# Question: Can we post Guns for sale?



## RedskinFan228

I tried contacting the moderators on the marketplace to ask if I could post some hunting rifles, pistols and muzzle loaders, I have some high end guns that were my fathers who passed some years ago. He was my hunting buddy and since my sons are not hunters I have no need for them so would like some hunters to have the chance to enjoy them. Since I cannot get a reply from the several PMs I sent I will just ask here on the open forum. Are we allowed to post guns for sale. If not I understand seems the word guns have become a dirty word and sites dont allow them to be sold. Thanks for any help I can get 

Ken


----------



## DaBig2na

I dont see why not although it is not my call.

As long as you follow the law to the letter.

You can sell a long gun face to face within your state and not have to do a "transfer", however I would always do a legal transfer through a licensed gun dealer just to cover your ass. 

Handguns sold within your state as well as across state lines REQUIRE a Transfer from one licensed dealer to the next, (Interstate), Then finally the new recipient has to fill out form 4473 at his point of collection. Intrastate can go by your state laws... I'd do a legal transfer , regardless.
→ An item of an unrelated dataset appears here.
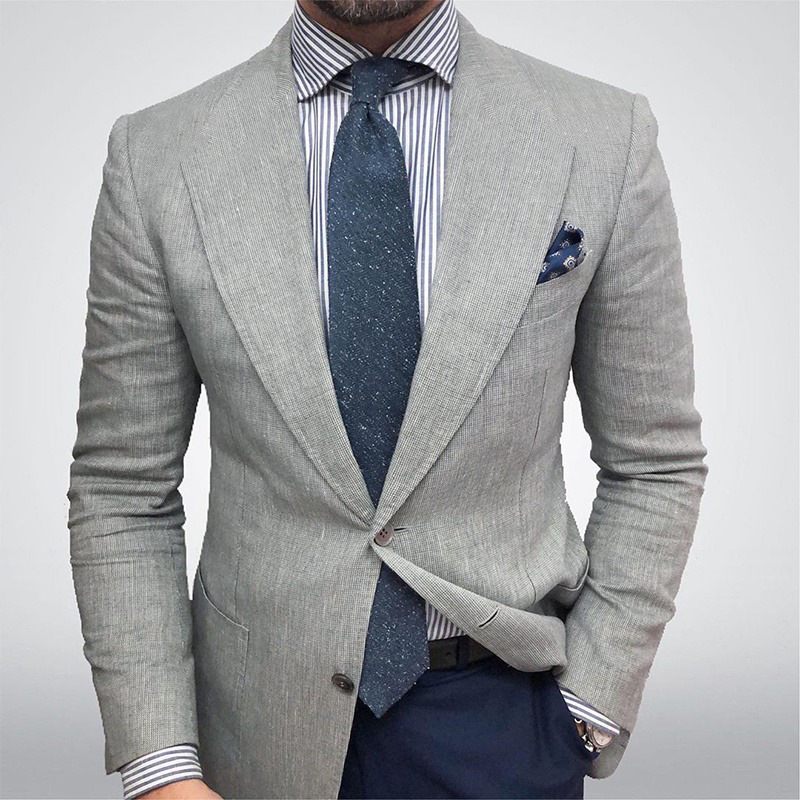Men's Textured Tailored Blazer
A responsible gun owner should always cover his butt. If something goes wrong on the other end somewhere down the road; you dont want the Feds coming to you


----------



## jef400dread

Since you're from VA, I'd recommend this site - http://vaguntrader.com/forums/ . On it, you can find answers to most law related questions, and help with printing transfer documents. I've sold a couple of guns to people on it. Get full names beforehand, fill out the paperwork (you create) then when you meet face to face, have your buyer bring a current Driver's license and a recent voter registration card. Although a felon could have their right to vote restored by the Governor...that's easier/cheaper than paying for a background check.


----------



## Jollymon

I'd say yes because I've seen guns for sale here before but not to often and it's been sometime .


----------



## Finger_Mullet

I bought a gun that was posted on the market place a few years ago. 

Darin


----------



## sand flea

FWIW I was always fine with gun sales so long as all laws were followed. To my knowledge the new owners have no stated policy. If there's a problem with it it won't come from me or the other mods.


----------



## DaBig2na

Just because one's voting rights have been restored doesn't mean they are not disqualified from owning a firearm. Virginia's current governor is a far left of center libtard who would love to ban a variety of different firearms.
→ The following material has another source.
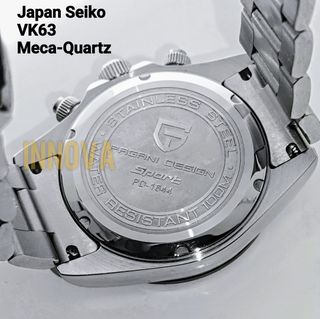 Orologio da uomo al quarzo Pagani Design Daytona Seiko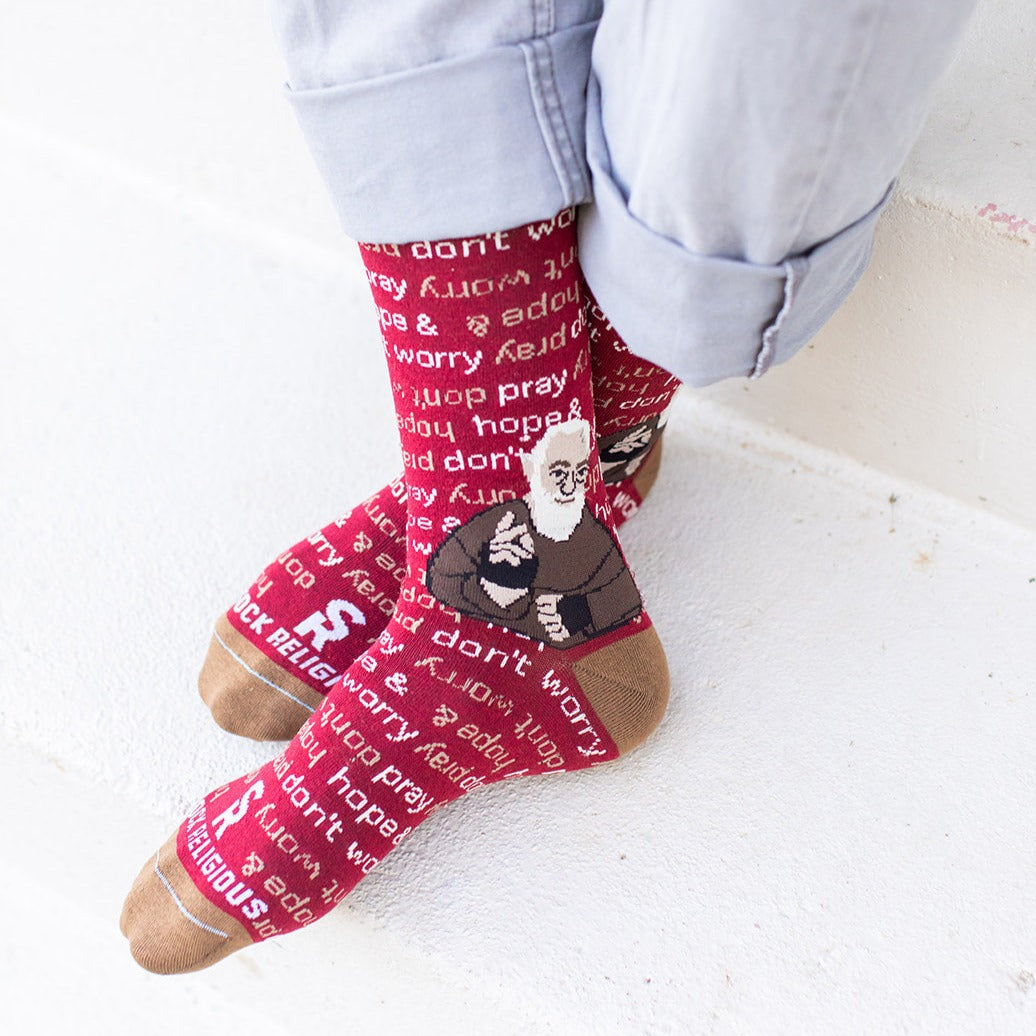 St. Padre Pio Adult XL Socks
A Voter ID is not a legitimate form of ID and qualified documentation.

If someone has a valid CCW and a Valid Government issued ID... You can skip the 4473 and transfer through a dealer. Just take a picture of both print them out and attach them to a hand written bill of sale and keep them for the rest of your life..

In today's political climate and the constant attack from the Left on our freedom and the second amendment. 
Cover all your bases! Especially on a pistol or semi auto rifle. Furthermore, speaking for myself... I could never live with myself, if I were to sell a firearm to someone who would commit a heinous crime with it. 

Be a responsible gun-owner.

Now what kind of high end sporting rifles are we talking here? Weatherby, Blaser, Sako, Pre 64 Winchesters ?


----------



## dialout

Smokepoles.....post some pics and prices.


----------



## Finger_Mullet

I would be interested to see pics as well.

Darin


----------



## RedskinFan228

I. Have S&W 357, Belgium made BAR .30-.06 w/scope, Browning .22 handgun, Remington .22-.250 with boar barrel w/high power scope, a couple of old double barrel brand I dont know off top of head as they are locked up and I do not have time to go and look if interested PM me, I also have several musket loader black powder rifles in .50 cal one has a matching .50 cal pistol, both are cap fired not flint lock, i do have .45 cal flint lock pistol. I also have a sweet Thompson Contender pistol with scope comes with .45/.410 long and .30-.30 barrels. I have a couple of Remington 1100 in 12 gauge too. ALl guns are older none of that plastic and simulated wood crap. These are quality hunting guns except maybe the .22 and 357 pistols they are high quality just not for hunting  all guns are in outstanding to mint condition and have very low rounds fired through them. I am in Virginia Beach so if anyone would like to see them let me know I would be happy to show them. I am willing to negotiate a fair price but I am not giving them away either. I am also open to meeting at a range for testing .....Ken


----------



## Jollymon

Redskinsfan PM sent


----------



## RedskinFan228

RedskinFan228 said:


> I. Have S&W 357, Belgium made BAR .30-.06 w/scope, Browning .22 handgun, Remington .22-.250 with boar barrel w/high power scope, a couple of old double barrel brand I dont know off top of head as they are locked up and I do not have time to go and look if interested PM me, I also have several musket loader black powder rifles in .50 cal one has a matching .50 cal pistol, both are cap fired not flint lock, i do have .45 cal flint lock pistol. I also have a sweet Thompson Contender pistol with scope comes with .45/.410 long and .30-.30 barrels. I have a couple of Remington 1100 in 12 gauge too. ALl guns are older none of that plastic and simulated wood crap. These are quality hunting guns except maybe the .22 and 357 pistols they are high quality just not for hunting  all guns are in outstanding to mint condition and have very low rounds fired through them. I am in Virginia Beach so if anyone would like to see them let me know I would be happy to show them. I am willing to negotiate a fair price but I am not giving them away either. I am also open to meeting at a range for testing .....Ken


Sorry to anyone who PMed me and I missed them. I sent pictures to some and hope you received them. I had to go out of town for work Was gone several months and rarely in town. I am back now and all the guns are available except one of the 1100s and one of the musket loaders. Hit me up if anyone is still interested or I may have missed back when I originally posted this. 

Ken


----------



## david-e

you can list your gun on ebay or craigslist too


----------